Posted by appolus on August 2, 2021

Look back over your life as a saint and you will see how the weaning has gone on from the blessing to the Blesser, from sanctification to the Sanctifier. When we no longer seek God for His blessings, we have time to seek Him for Himself. (Oswald Chambers- Biblical Ethics)

Ponder that for a moment and let it slowly sink in, for it will, perhaps, affect every area of your walk with Jesus. So much of our prayer life is about petition. Our prayer life is so often directly related to whatever set of circumstances we find ourselves in, or a loved one, or a friend. Imagine, if you will, that no matter what your circumstances are, no matter if you are on the mountaintop or in the deepest valley, that your relationship with the Lord is on an even keel. Think again upon the last sentence “When we no longer seek God for His blessings, we have time to seek Him for Himself.
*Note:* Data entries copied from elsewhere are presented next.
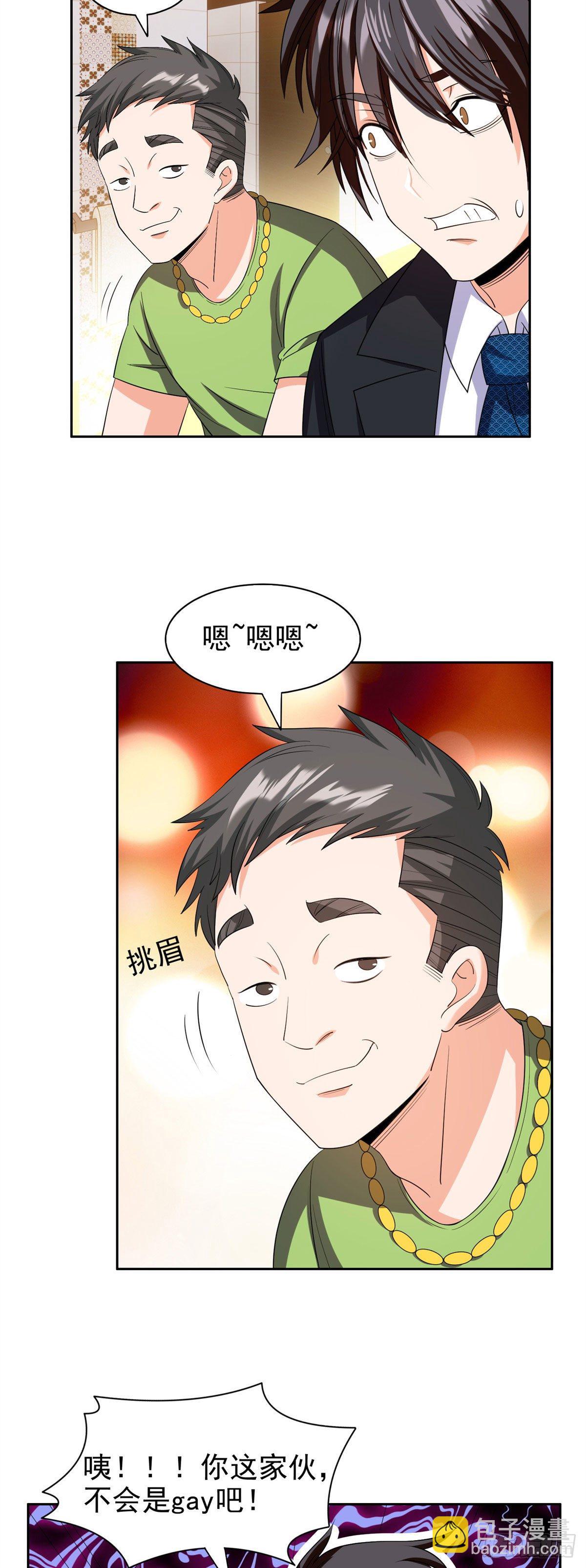 《重生之神级败家子》28 大哥！告诉小弟！ 第3页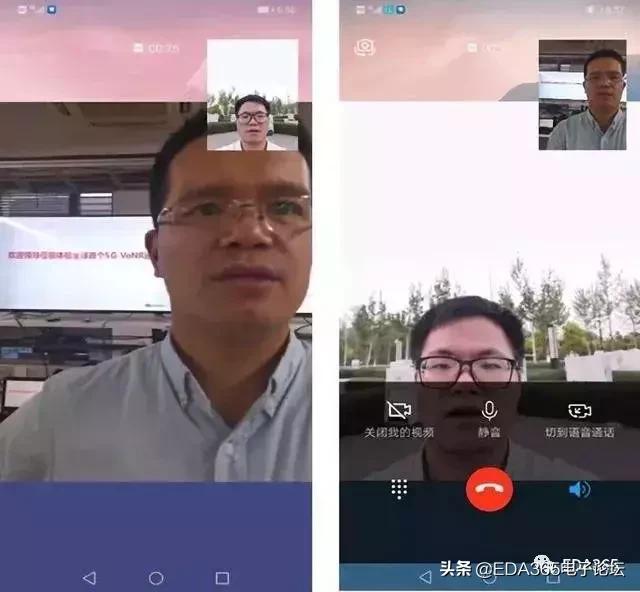 华为与三星专利纠纷案例（华为与三星专利侵权纠纷系列案在广东调解结案last）(7)
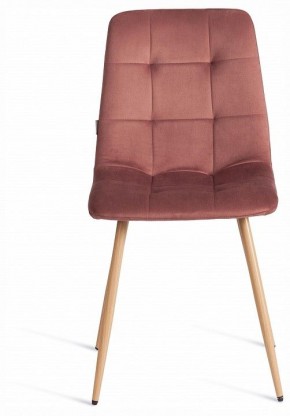 Стул Chilly (mod. JSC-220) в Качканаре - kachkanar.ok-mebel.com | фото 3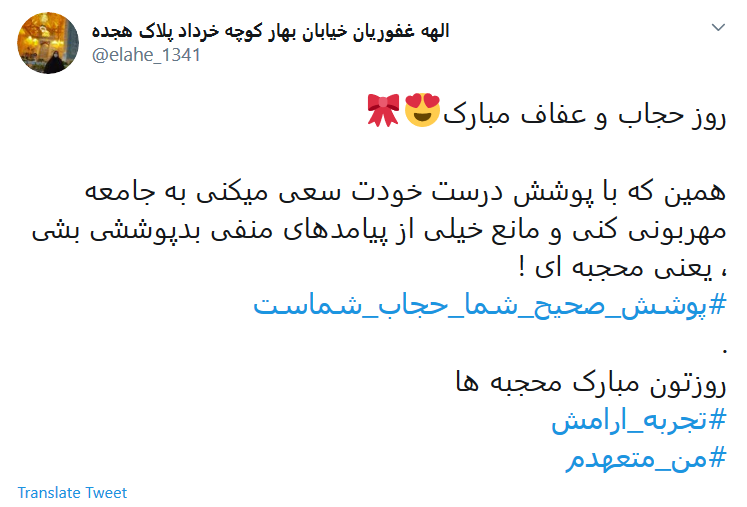 حجاب، لباس بندگی خدا و کلید نزدیکی به حضرت فاطمه (س) است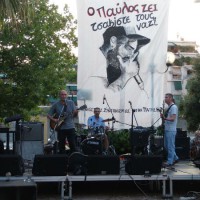 [Grécia] Relato do Festival Antifascista realizado no Parque Fix, em Atenas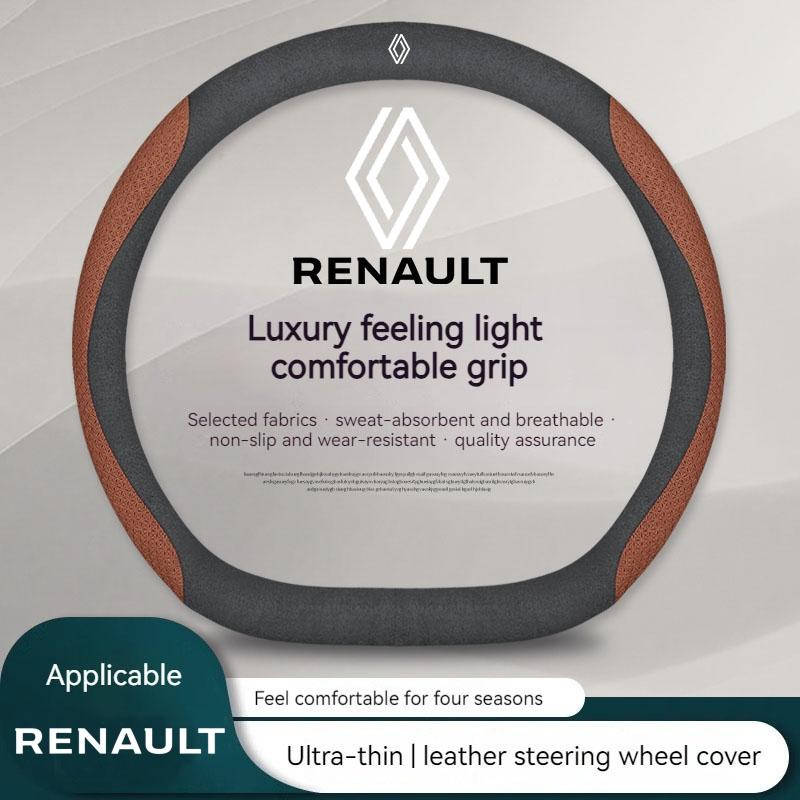 2026 Gorące Do Renault Kołpaki Kierownicy Samochodowej Do Renault Alaskan Captur Clio RS Kadjar Duster Scenic Medgane Espace Ka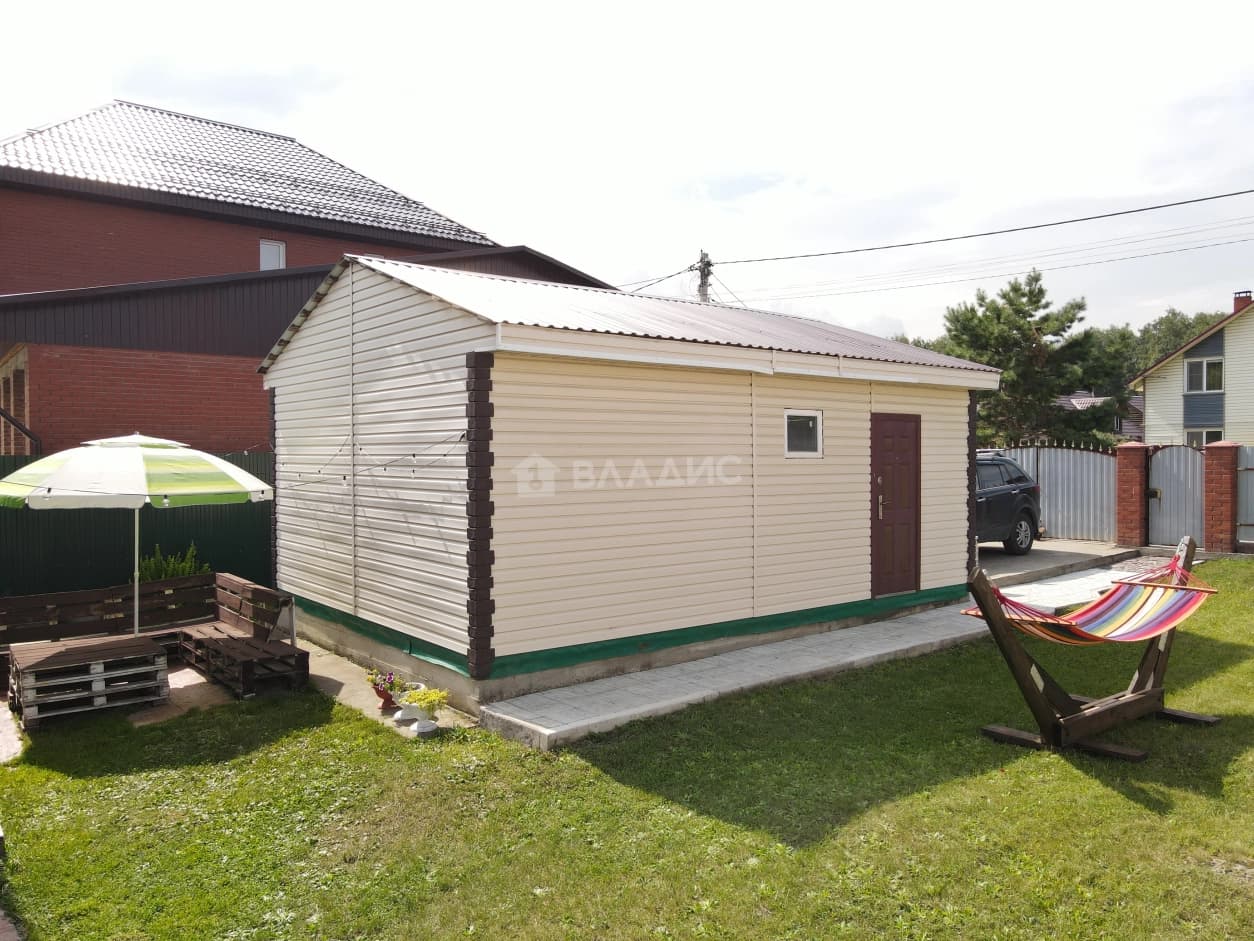 Photo 4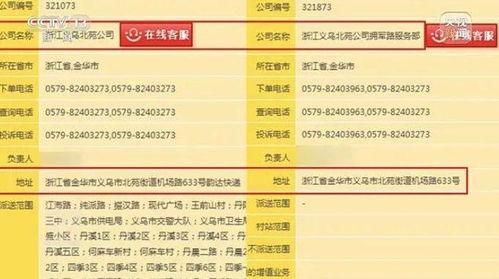 韵达快递回应被立案调查，积极配合调查，确保企业合规经营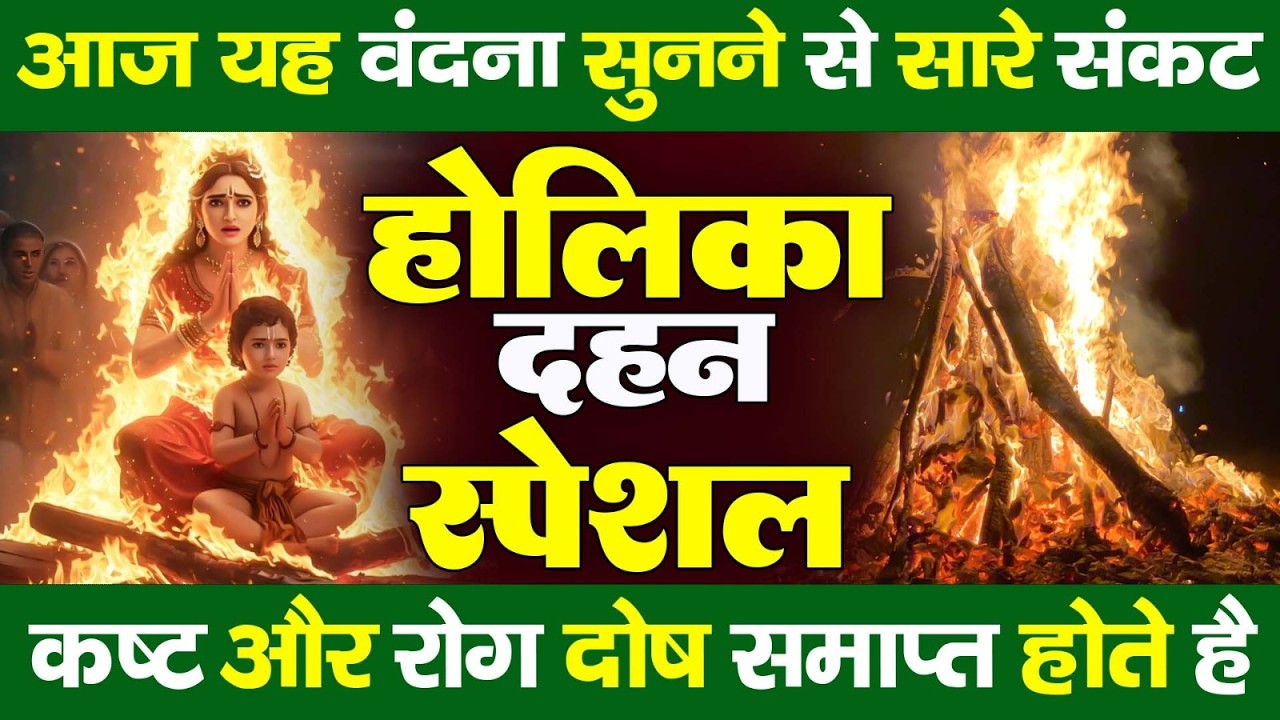 होलिका दहन के NO 1 भजन ~ Holika Dahan Bhajan | Holika Dahan Special Songs | Fagun Holi Bhajan 2026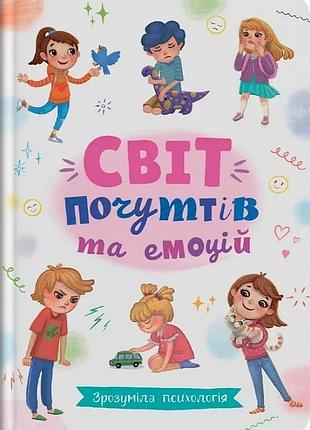Світ почуттів та емоцій. зрозуміла психологія галина новікова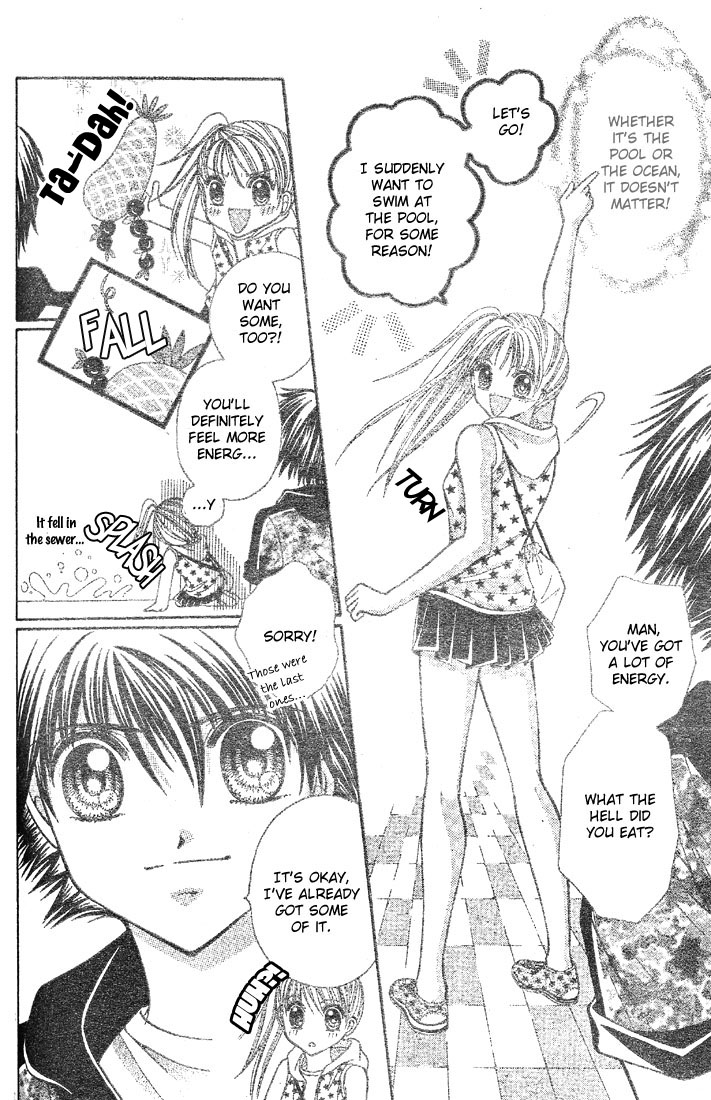 Minami no Jewel Vol. 1 Ch. 3 第19页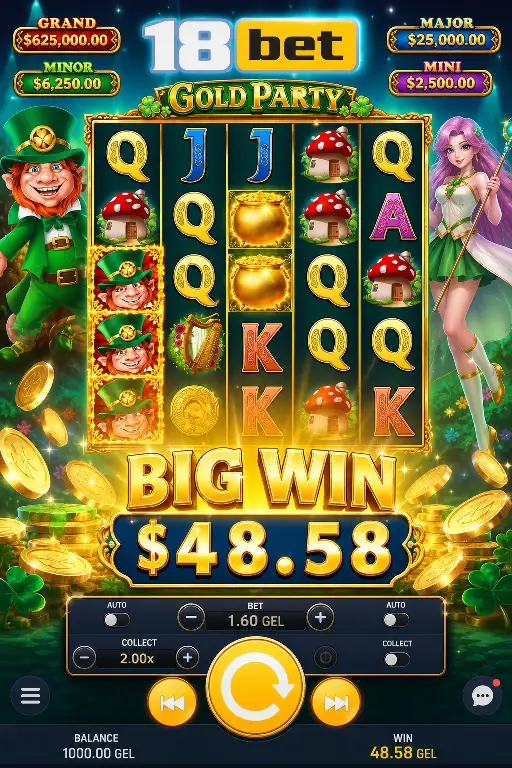 18bet — скриншот 3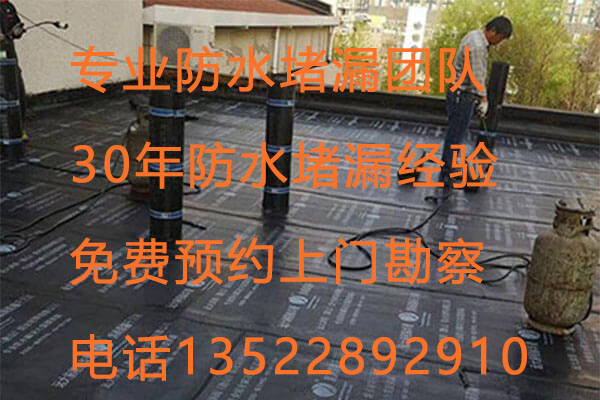 北京朝陽國貿防水翻修公司
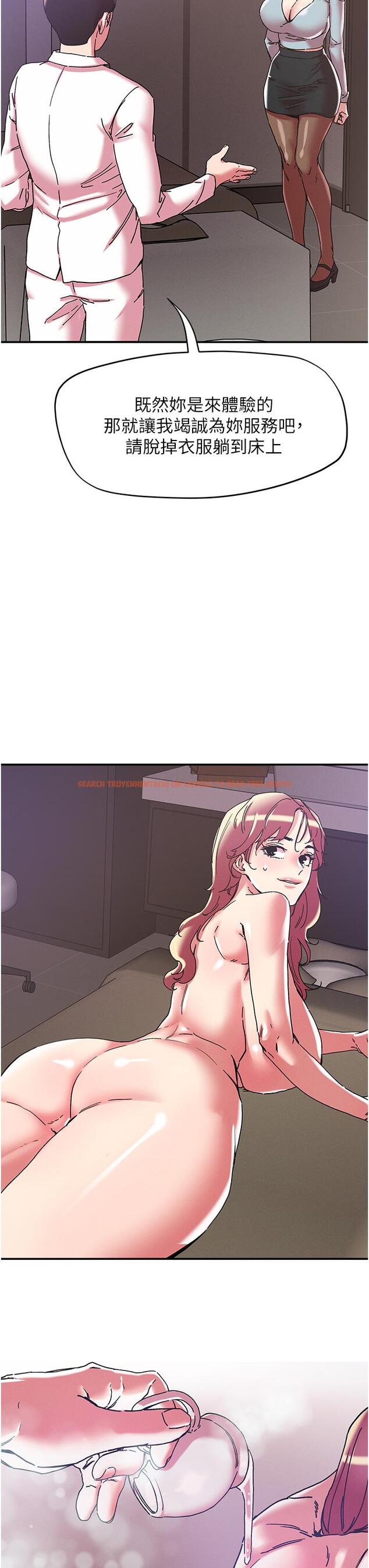 查看漫画把妹鬼達人 - 第99話-我很想念你的棒棒 - tymanga.com中的1233946图片 查看漫画把妹鬼達人 - 第99話-我很想念你的棒棒 - tymanga.com中的1233946图片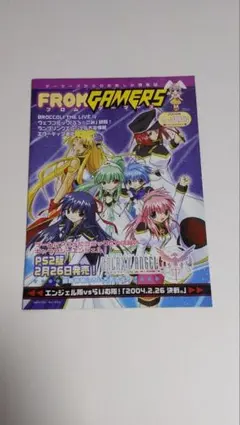 FROM GAMES フロムゲーマーズ 2004.2.3月号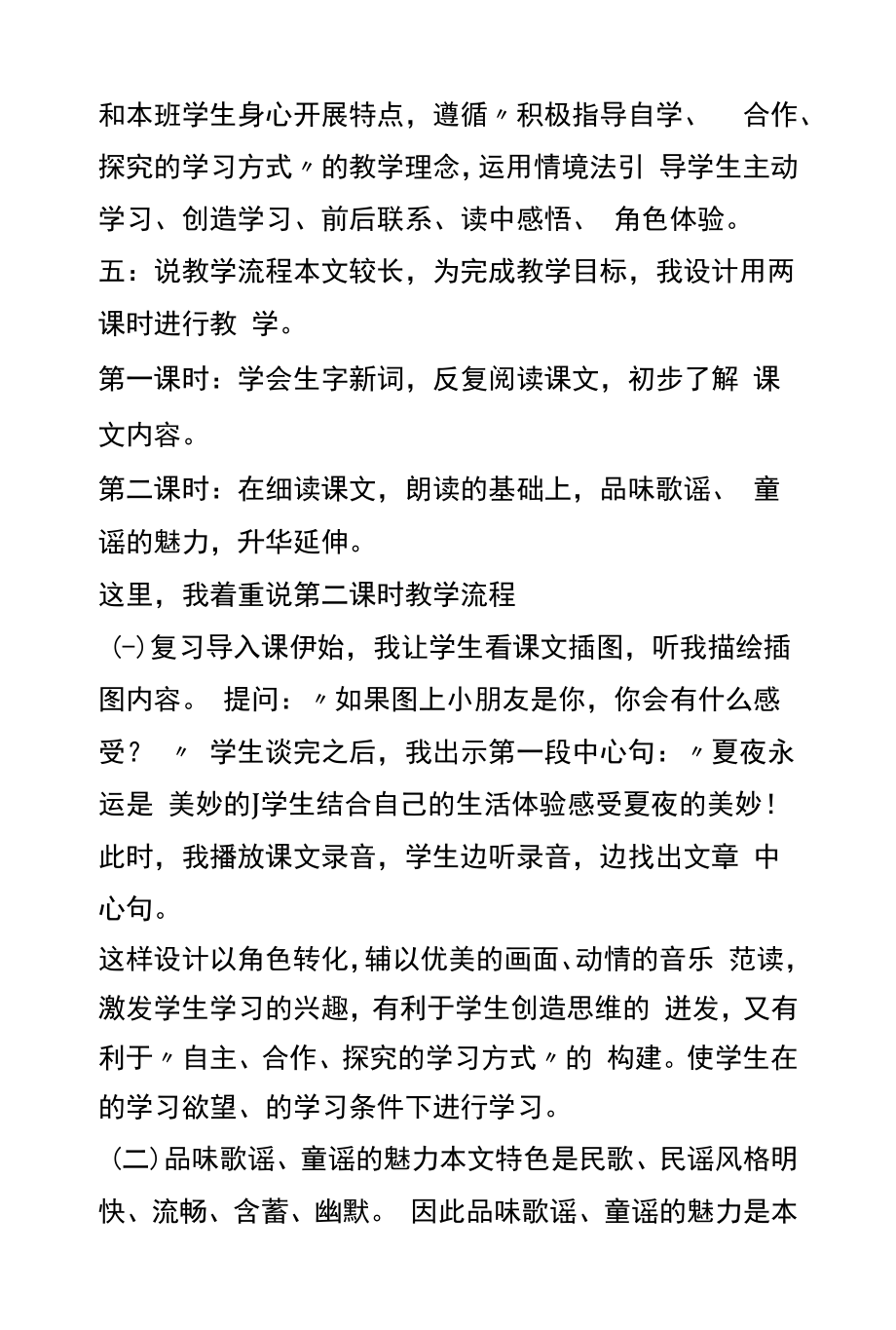 苏教版五年级语文说课稿：月光启蒙.docx_第2页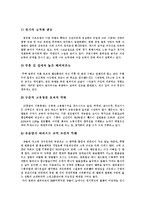 [양극화문제] 양극화(양극화현상)의 원인, 실태와 양극화(양극화현상)의 문제점 및 양극화(양극화현상)의 해결방안 분석-4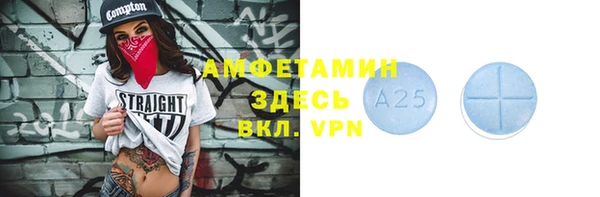 тгк Арсеньев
If our primary mandate in our relationship with the Lord is “Seek ye first the Kingdom of God and His righteousness,’ and it is, then how can we ever do that if that vast majority of our communication with the Lord is petition. If the primary object of our prayer life is petition and not the Lord Himself, then He must be our secondary object. This, I would argue, is back to front. When the Lord Himself takes up His proper position within your heart, then, just like when the Ark found its proper place in Solomon’s temple, His manifest presence shall rain down. As the dew falls heavily on the slopes of Mount Zion, and as the oil runs freely from the top of Aaron’s head down to his feet, so too will the blessings of the abundant life fall upon those who seek the Lord for Himself.

Posted in bible, Christian, christian blog, christian living, Christian quotes, Christianity, church of england, church of scotland, Daily devotional, Devotions, God's love, intimacy, Jesus, Oswald Chambers, sanctification, testimony, the crucified life, the deeper life, the gospel, the persectuted church, The presence of God, The Psalms, the remnant, The State of the Chuch and Manifest presence, the state of the church, theology, Uncategorized | 1 Comment »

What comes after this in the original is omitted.